Friday, March 02, 2007

In A Hot Real Estate Market People Will Buy Anything

In a hot real estate market people will buy anything. This article is a little dated but it shows that insanity of people who have an urge to buy in a hot real estate market. This article is from azcentral.com, originally in the New York Times, and shows how people in the US where snapping up property in the recently hot, and now slumping, real estate market to the south.

Paul Nelson had never seen Paraiso del Mar, a resort and golf community in La Paz, Mexico, on the Baja Peninsula, before he signed a contract to buy a $200,000 beachfront condominium there. And he didn't even consider flying down to check it out before putting down a deposit."I thought in the very worst case, at $200,000, I'm not going to get hurt that bad," said Nelson, 58, a semiretired songwriter from Nashville. "I don't lose any sleep."Nelson is one of a growing number of people who are bidding on investment properties and second homes before seeing what they are buying. Though the National Association of Mortgage Brokers and the National Association of Realtors have no data on purchases made sight unseen, officials at both groups say they are hearing more anecdotal reports of these sales than ever.

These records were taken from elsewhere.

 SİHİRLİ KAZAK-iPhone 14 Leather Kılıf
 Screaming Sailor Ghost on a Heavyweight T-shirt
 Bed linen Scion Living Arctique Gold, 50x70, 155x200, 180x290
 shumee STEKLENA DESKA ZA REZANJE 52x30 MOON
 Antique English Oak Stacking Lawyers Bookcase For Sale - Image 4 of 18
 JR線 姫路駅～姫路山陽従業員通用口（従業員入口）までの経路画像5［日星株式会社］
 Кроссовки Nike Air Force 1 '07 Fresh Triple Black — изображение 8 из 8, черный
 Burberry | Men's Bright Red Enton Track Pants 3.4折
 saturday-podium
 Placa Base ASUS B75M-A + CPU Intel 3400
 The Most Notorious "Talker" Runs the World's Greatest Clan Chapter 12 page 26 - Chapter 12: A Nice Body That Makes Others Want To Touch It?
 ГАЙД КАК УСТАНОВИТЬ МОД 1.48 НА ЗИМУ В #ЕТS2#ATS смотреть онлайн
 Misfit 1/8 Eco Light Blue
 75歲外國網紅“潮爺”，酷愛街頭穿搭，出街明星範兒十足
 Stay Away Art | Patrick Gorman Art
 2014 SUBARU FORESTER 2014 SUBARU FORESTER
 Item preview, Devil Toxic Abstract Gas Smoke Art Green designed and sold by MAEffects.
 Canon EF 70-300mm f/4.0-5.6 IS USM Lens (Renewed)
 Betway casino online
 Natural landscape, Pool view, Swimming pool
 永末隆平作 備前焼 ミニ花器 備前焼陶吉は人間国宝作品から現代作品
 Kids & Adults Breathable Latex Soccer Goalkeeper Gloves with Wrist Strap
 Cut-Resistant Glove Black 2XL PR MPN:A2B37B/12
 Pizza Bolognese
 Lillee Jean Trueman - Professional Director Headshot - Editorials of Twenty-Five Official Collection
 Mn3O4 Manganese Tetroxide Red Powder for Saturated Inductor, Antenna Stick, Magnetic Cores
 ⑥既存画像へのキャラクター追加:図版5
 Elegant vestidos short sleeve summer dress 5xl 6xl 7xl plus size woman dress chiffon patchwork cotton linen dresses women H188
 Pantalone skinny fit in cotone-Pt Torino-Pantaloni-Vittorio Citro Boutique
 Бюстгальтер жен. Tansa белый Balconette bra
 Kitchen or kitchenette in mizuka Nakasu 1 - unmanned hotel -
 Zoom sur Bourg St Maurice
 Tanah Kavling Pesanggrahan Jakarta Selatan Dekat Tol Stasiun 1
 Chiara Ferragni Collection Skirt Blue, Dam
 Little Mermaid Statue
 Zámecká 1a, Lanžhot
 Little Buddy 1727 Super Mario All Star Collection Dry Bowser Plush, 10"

"Nine years ago you would never have heard of this," said Jim Nabors, president of the National Association of Mortgage Brokers. "We have no empirical data, but you go to a conference and you hear people talking about this more and more. I'd say the numbers have probably increased dramatically."Of course, with more information available on the Web, "sight unseen is kind of a misnomer," said Gary Garland, owner of Crested Butte Real Estate in Colorado. "It's not like we're sending buyers Polaroids like we used to.""Virtual tours" of vacation properties displayed over the Internet help people like Nelson, who also bought an $800,000 investment home sight unseen in Fort Lauderdale, Fla., a few years ago, size up their purchases. Buyers can be in for surprises when they finally see their properties. Ellen Ashley, 55, a real estate agent from Portola Valley, Calif., signed a contract on a $650,000, 2,500-square-foot home on Vashon Island, near Seattle, that looked great on the Internet. Only when she visited it for the inspection did she find out about the noise from a nearby road. She was able to get out of the purchase.